On Tuesday, Tesla Inc. (TSLA) CEO Elon Musk made the dramatic announcement that he was considering taking Tesla private for $420 a share on Twitter. In an email sent to Tesla employees posted on the company's official blog, Musk explained that he is mulling taking the firm private to protect it from short sellers and wild swings in stock prices. However, the email didn't provide any details regarding financing. (See also: What if Tesla Goes Private?)

Now officials at the Securities and Exchange Commission's San Francisco office are reportedly trying to find out whether Musk was being truthful. According to sources speaking with The Wall Street Journal, the agency is looking at whether the CEO's claim that the funding for the transaction was secured and that only a shareholder vote would be required to initiate the largest-ever corporate buyout had a factual basis. The New York Times reported that the SEC contacted Tesla officials on Wednesday, and besides probing the content of the tweets, they also asked why the company did not make an announcement via a regulatory filing.

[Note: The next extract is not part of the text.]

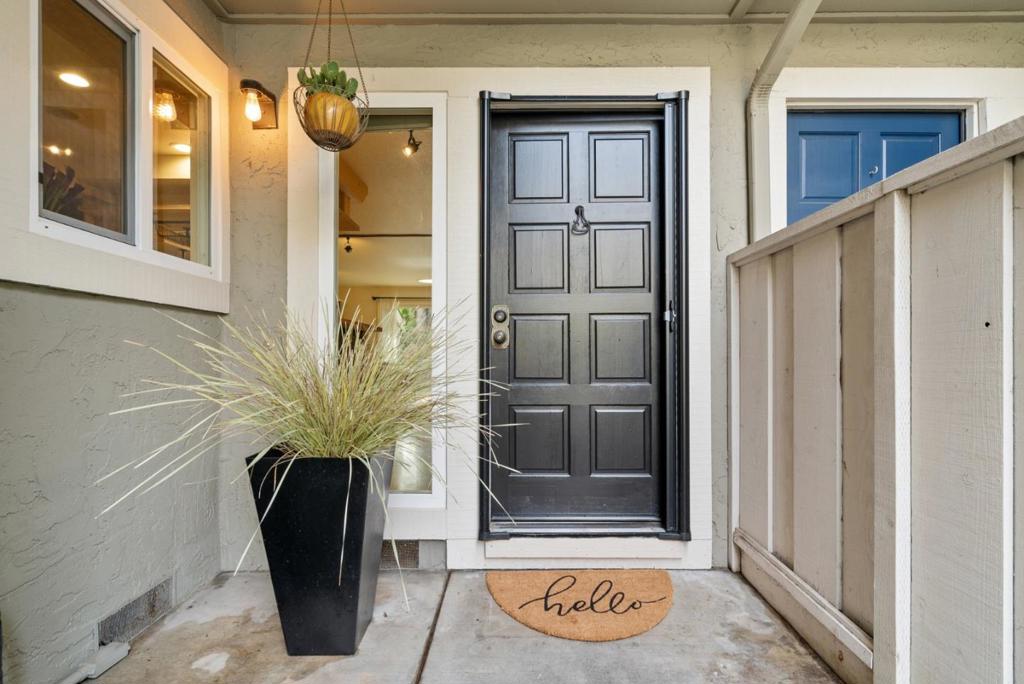 A property available for sale at 2878 Lindsay Lane, Soquel, CA 95073.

Although the SEC and Tesla have not commented on the matter, experts have said there is a possibility that regulators could find Musk guilty of market manipulation or securities fraud.

I will tell you this from working at a hedge fund that was short stocks. Every hedge fund who is short $TSLA #Tesla will be calling every government official, SEC member and lawyer to see if #ElonMusk violated any laws with his tweet.
— Will Meade (@realwillmeade) August 7, 2018

"I do see a few things that are problematic," said former SEC Chairman Harvey Pitt in an interview with CNBC on Tuesday afternoon. (See also: The SEC: A Brief History Of Regulation)

Pitt made it clear that Musk using social media to inform investors about his intent isn't in violation of SEC rules as long as investors have been told where to look. That may not be a problem here because, as MarketWatch pointed out, in a Nov. 2013 8K filing Tesla had directed investors looking for additional information to follow Musk’s and Tesla’s Twitter accounts. Musk also has 22.3 million followers on Twitter, and his every tweet on the subject received immense media coverage.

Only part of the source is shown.